The best job I ever had…

We were sitting around the dining table, dinner over, really, but still chatting. I threw into the discussion a theme I had been talking about with my driving son on a recent Saturday. My companions are used to me doing this sort of thing.

‘What’s the best job you ever had?’

They looked at each other. One is a retired graphic artist, another is a retired gas fitter, a third is a former Treasury guy, and the fifth is a former Army officer, and he spoke first. He’d only really had one job, in the army, and he’d enjoyed it, rising to the most senior position in his area. The gas fitter, an immigrant from Serbia, had done all sorts of things, but the occupation that most satisfied him was his stint as a gas fitter. The artist enjoyed most the time when he had a job as a cleaner, when he had formed himself into a company. The man from Treasury occupied a significant role in that powerful place. They waited for my contribution, which was when I was a young academic researcher, able to do pretty well whatever I chose to do, and paid reasonably to do it. Indeed, I’d never had a real income before, so I was in a sort of heaven, doing what I wanted to do, not subject to supervision of any kind (I had to produce, but that was not a problem in my case), and paid a decent salary.

We went more deeply into the question, about which all of us had opinions and stories. What were the core ingredients for a really good job? One common theme was what we might call ‘autonomy’: you were trusted to do whatever it was with minimum supervision, which meant you were valued. That was a good feeling. Another was being properly paid, not so much highly paid, but what was appropriate given the level of skill you had, and all of my friends had specific skills. A third ingredient was something we might call ‘passion’ — we wanted very much to do what we were doing in our favourite job. In my case I could hardly believe my luck. I was being paid to do something, research, at which I was pretty good, and I simply loved it. I could work at any time, before dawn, at midnight, whenever I wanted to. And the best part was that I never saw it as work. It was fun, not drudgery. I could do it at home or at the university. I thought about it much of the time. The others had similar accounts. You would decide when you started and when you finished. You were good at it, whatever it was.

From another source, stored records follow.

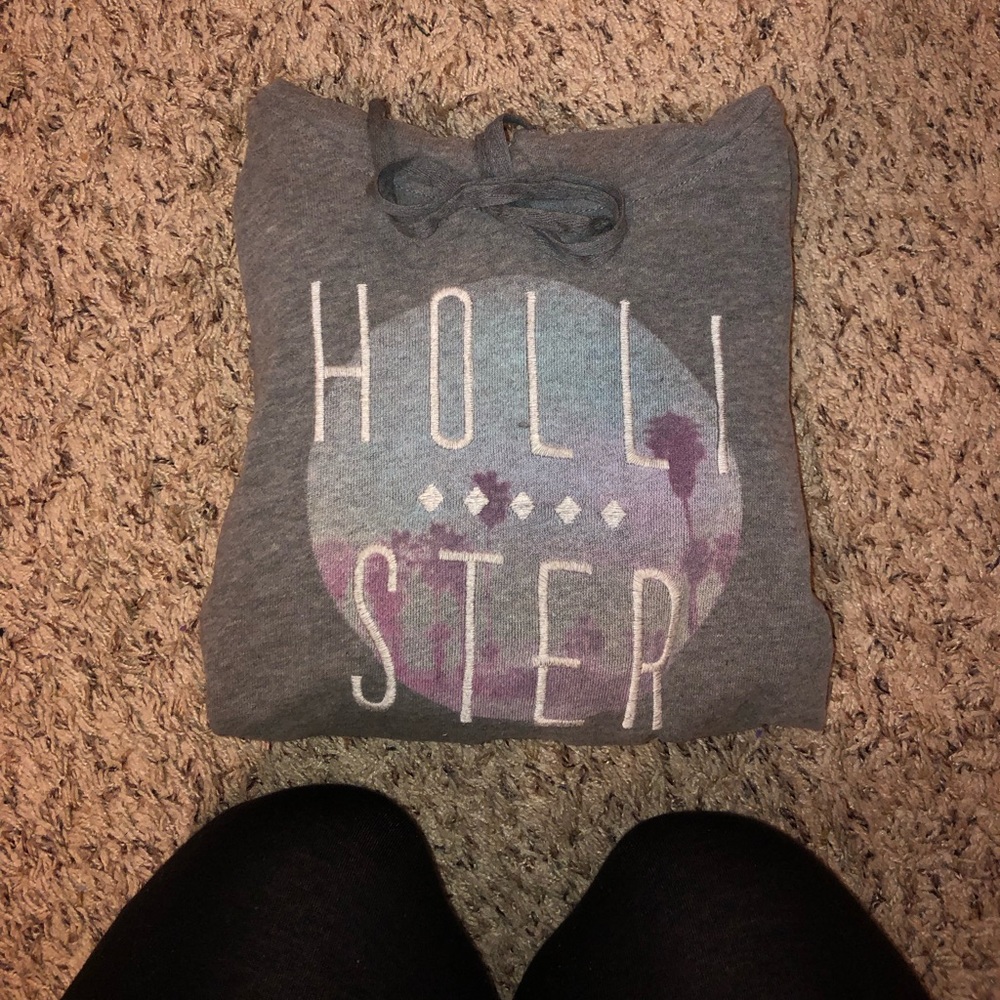 Gray Hollister sweatshirt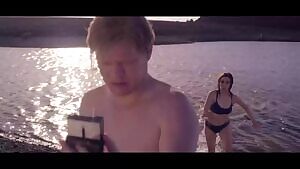 Cristin Milioti - Black Mirror S04 E01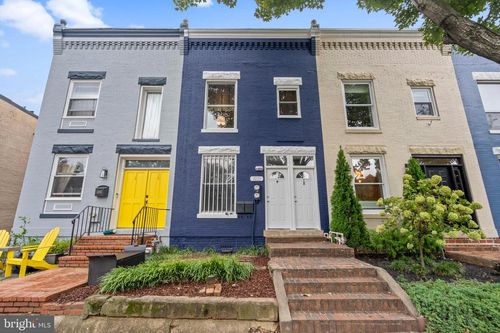 1221 D St Ne, WASHINGTON, DC, 20002-6333 | Card Image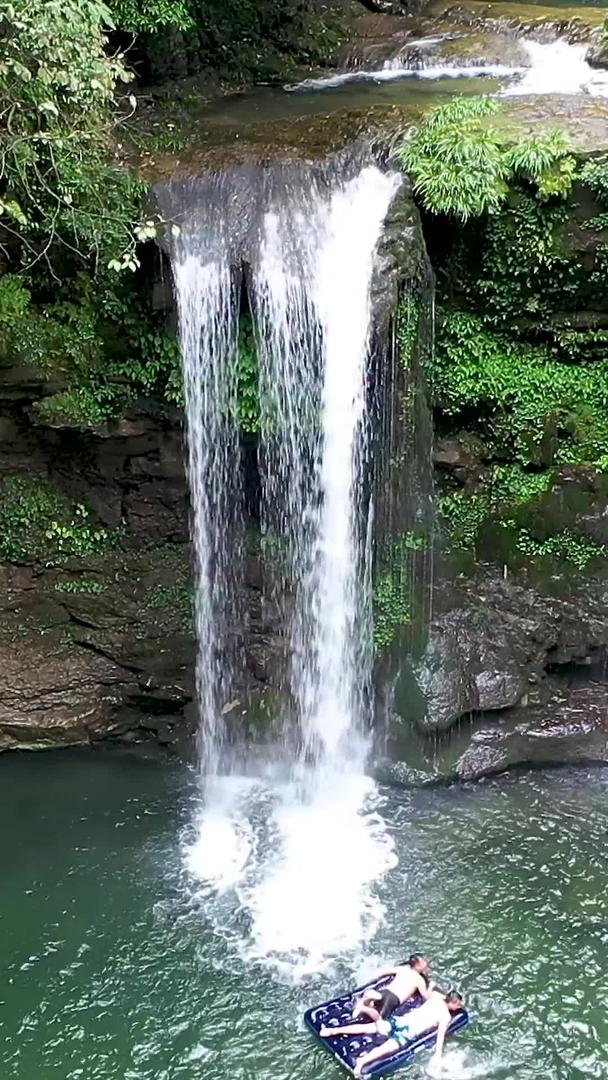 户外溪流瀑布航拍视频视频的预览图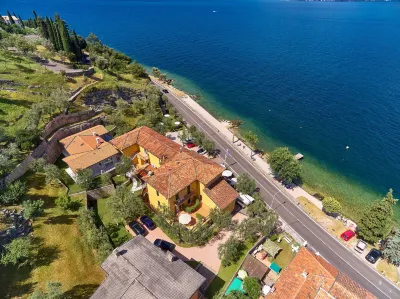 Albergo Del Garda Các khách sạn gần Jungle Adventure Park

Your clients, your colleagues, your superiors, they were all happy with what you did. You were keen to start the day’s work, and almost sorry when it ended.

After those came one about which we all had some reservations. I’d put it like this: the level of responsibility we had in our ‘best’ job was appropriate to where we were. I was asked why I hadn’t chosen being a vice-chancellor rather than being a junior wood-chuck. I’d thought about this. Being a V-C when I was in my fifties was exactly right. I was well prepared for the task, emotionally ready, too, and certainly well looked after. But that job came with a huge amount of responsibility — 10,000 students and 1,000 staff, a large budget, 120 hectares of campus, and so on and so on. Every difficult issue, if it couldn’t be solved further down the system, found its way to my table. One of our students suicided, another complained that her ‘boyfriend’ had insisted on sex and promised to tell her parents that they had been intimate, which would ruin her marriage prospects in her home country. Inevitably the boss is drawn into such matters, and you are never really prepared for them. So while I could say that being the V-C for more than a decade was an immensely satisfying job, because I thought I’d been most effective, it wasn’t fun in the way my first job was. And there were a few days, like the time we had a garbage strike, when I didn’t want to go to work at all. My dining companions could all provide their own equivalent tales.

So there it is, an interesting subject that we could all relate to and wrestle with. I engaged my companions with it because my son had been talking about his work. He loves what he does (he’s a middling senior public servant) and I asked him whether he thought his work was properly valued. Yes, he said, he was sure it was. He is what is sometimes called a ‘policy wonk’, and is given a good deal of latitude where he is for deciding his own priorities for work. He would have enjoyed the dining table conversation.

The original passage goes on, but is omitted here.